Songs for Pierre Chuvin

Title: Songs for Pierre Chuvin
Released: 2020
Label: Merge Records


Liner Notes 1

none


Table of Contents

  1. Aulon Raid
  2. Until Olympius Returns
  3. Last Gasp at Calama
  4. For the Snakes
  5. The Wooded Hills Along the Black Sea
  6. January 31, 438
  7. Hopeful Assassins of Zeno
  8. Their Gods Do Not Have Surgeons
  9. Going to Lebanon 2
  10. Exegetic Chains

Album Credits
Footnotes


Aulon Raid

This is called "Aulon Raid"

Come riding with your soldiers
See how they fare
Keep yourself out of the action
Arrows flying through the air
Your reputation precedes you
Something must be done
Here in the heat of the onslaught
I am the one

Me and my crew
We will deal with you
We will deal with you
Me and my pagan crew

Come to lay down the edict
Come for the spoils
Come for the temple attendants
Anointed in oils
Come flanked by your big guns
Ride with the pack
Come screaming for tribute
Go out on your back

Me and my crew
We will deal with you
We will deal with you
Me and my pagan crew, yeah, yeah


Until Olympius Returns 2

Alright, well, I had a tracked version of this we were all ready to master. And, uh, and it turns out there was a mysterious seven-and-a-half second gap in the other one. All hail the mysterious gap!
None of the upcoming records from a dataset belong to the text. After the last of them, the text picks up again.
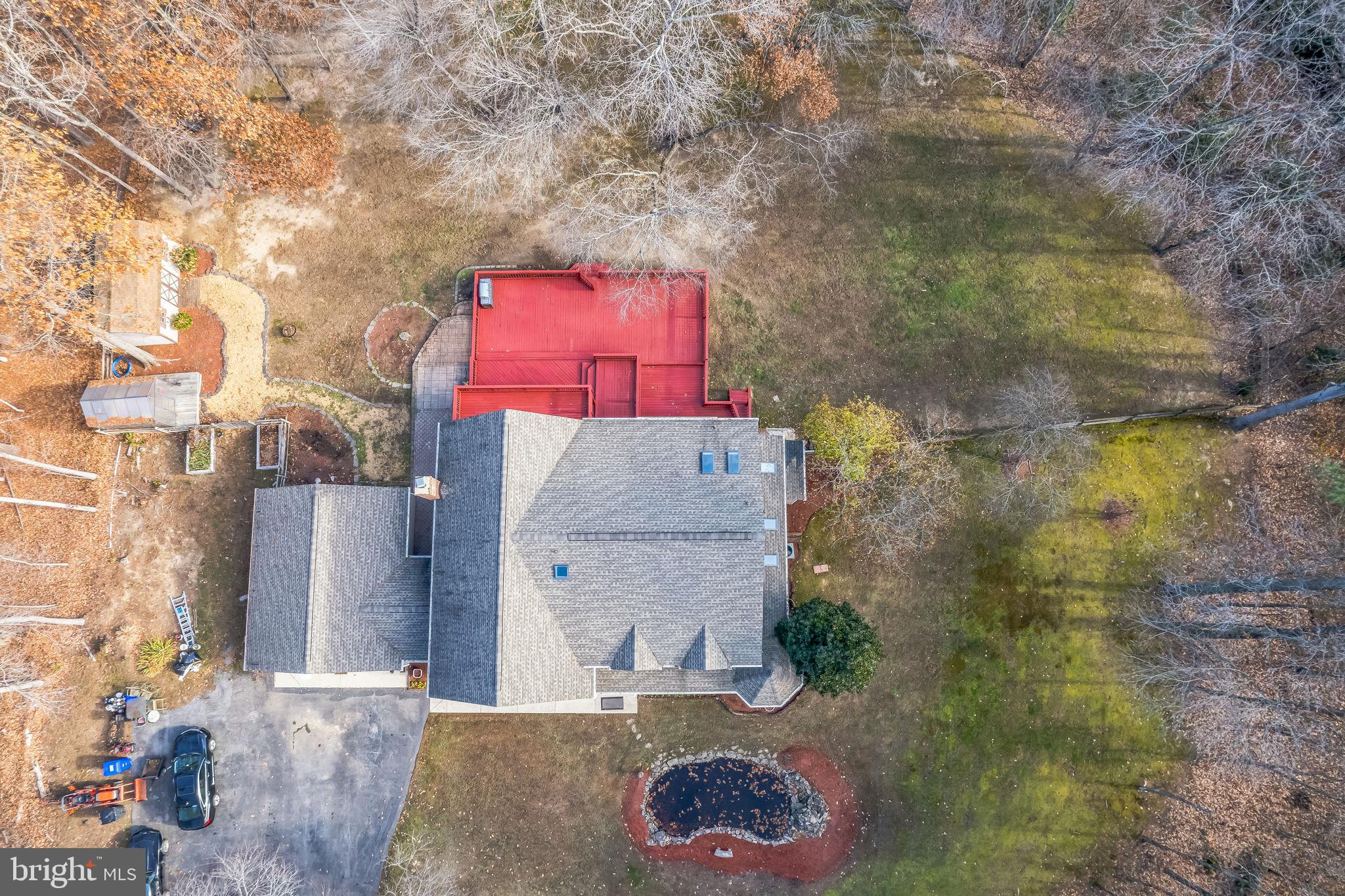 CAMELOT - Residential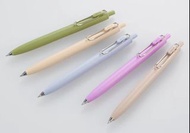 日本直送🇯🇵預購🛍日本文具 Uni-ball one F 2022年新品 數量限定筆軸 0.3mm / 0.5mm 黑色啫喱筆 ( 白砂、箒星、笹笛、蜃気楼、夕月夜 )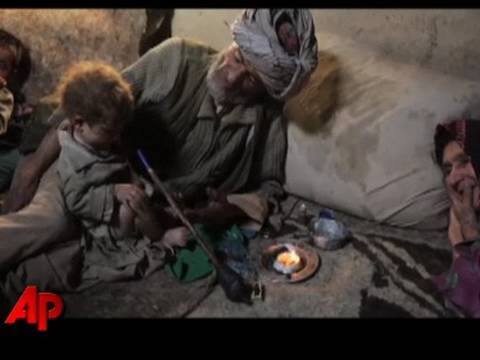 Video Essay: Opium's Grip on Afghanistan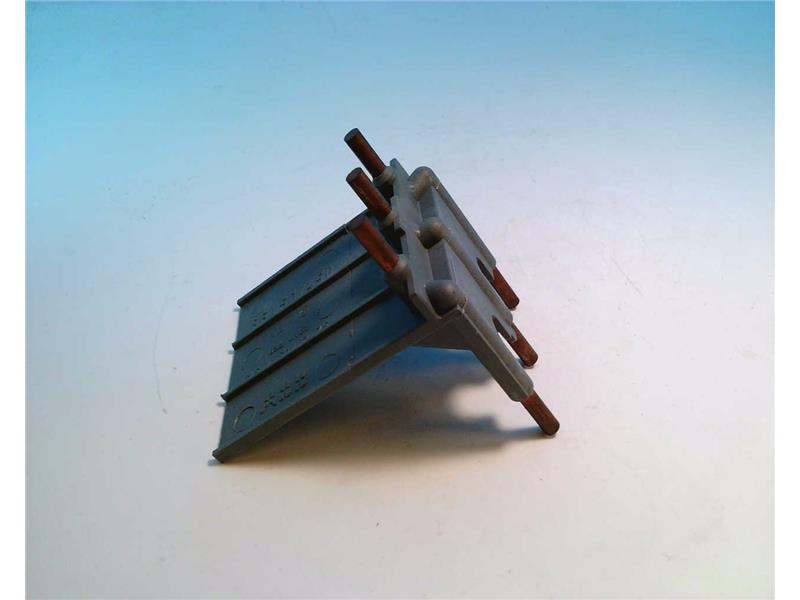 BEA50/450 by ASEA BROWN BOVERI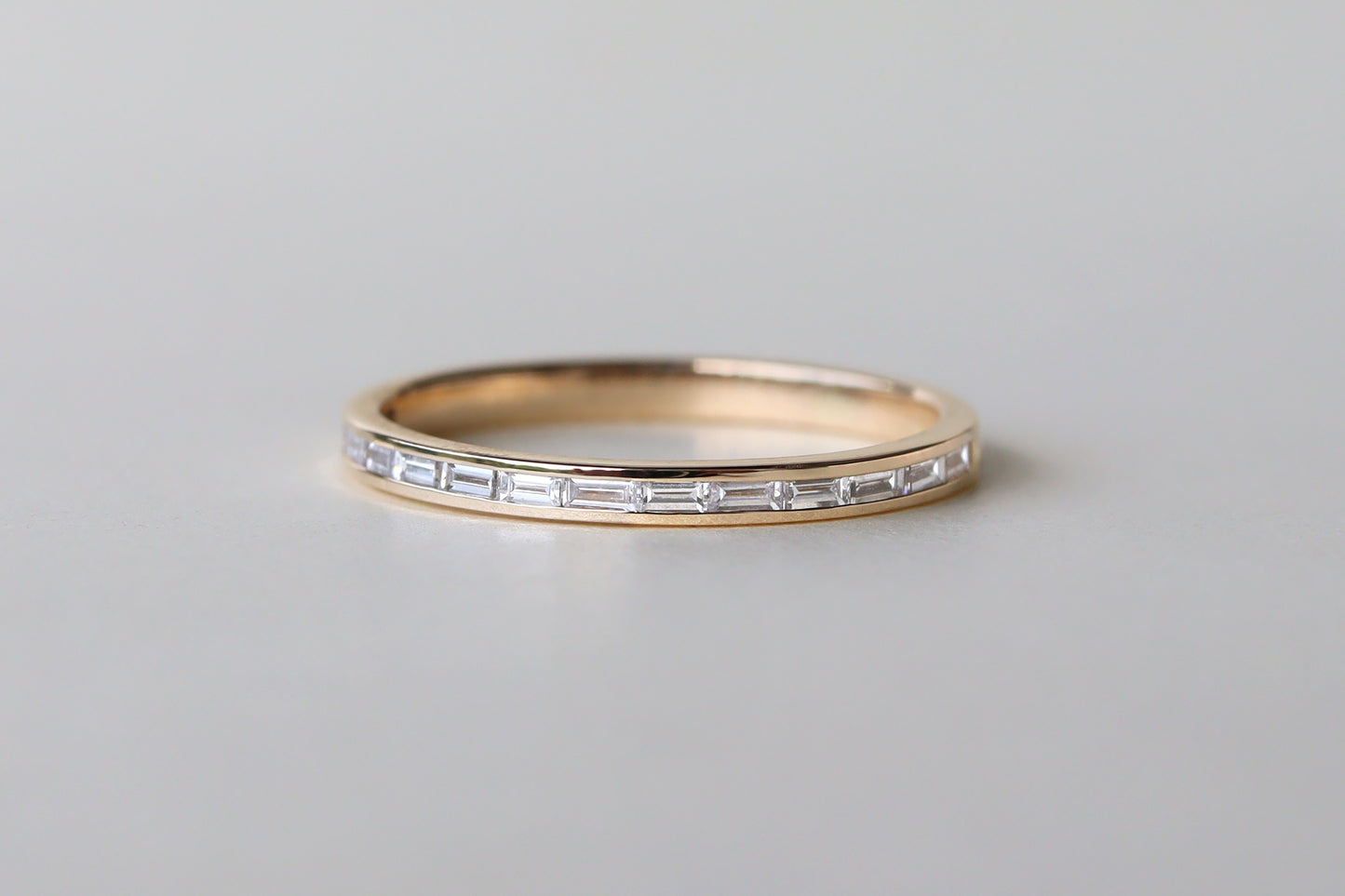 Churumbela Terin Bridal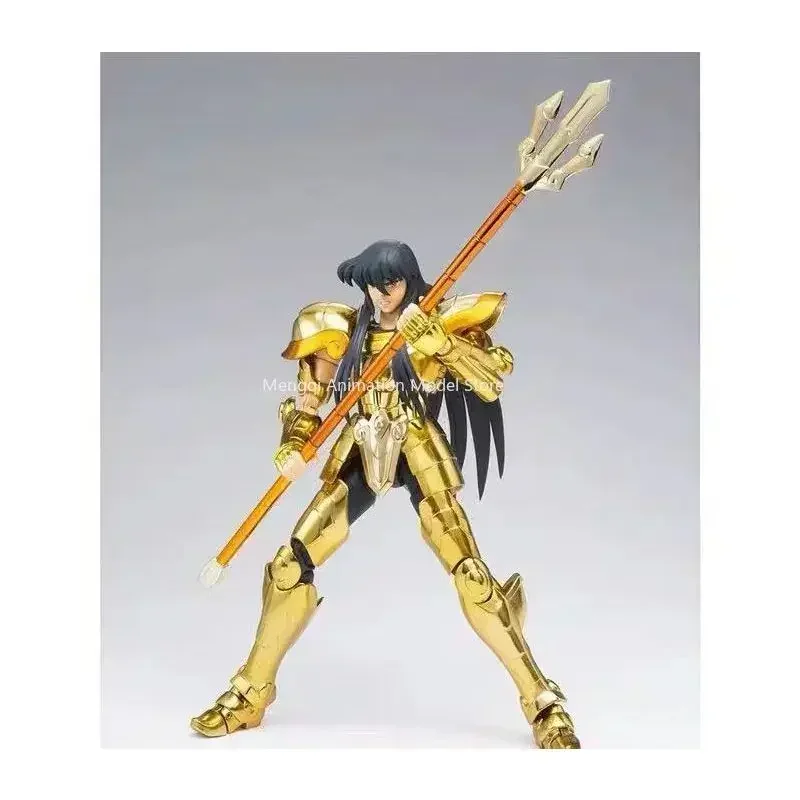 BANDAI in Stock Saint Seiya Saint Cloth Myth Golden Front Libra Purple Dragon Anime Character Model Toy Collection Gift
BANDAI in Stock Saint Seiya Saint Cloth Myth Golden Front Libra Purple Dragon Anime Character Model Toy Collection Gift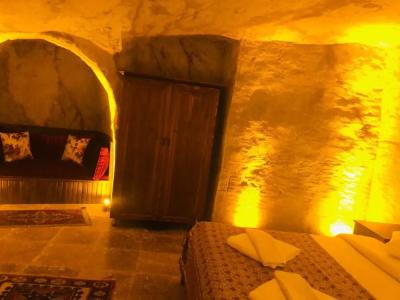 Ürgüp Inn Cave - 124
Go through the motions every day out in the square
Listen for the hidden rhythms on the air
Nod in agreement when the tyrant holds forth
Look for a beacon from the north
Protect yourself, vouch for every member of the team
This is just a momentary ripple in the stream

Join in the rebuilding, sing loudly at your labor
Make friends with the new guys, be nice to your neighbor
Profess keen interest in the welfare of the state
Taste everything they feed you, say it tastes real great
Spit it down your sleeve every time you get the chance
This is just a brief improvisation in the dance

Raise up the columns, take the statues down
Praise the columns, spread the word around town

Behold the temple where the old ones stood
Is it not a thing of beauty? Don't it make you feel good?
Is it not a big improvement on the way things used to be?
Is it not a stately beacon for the whole world to see?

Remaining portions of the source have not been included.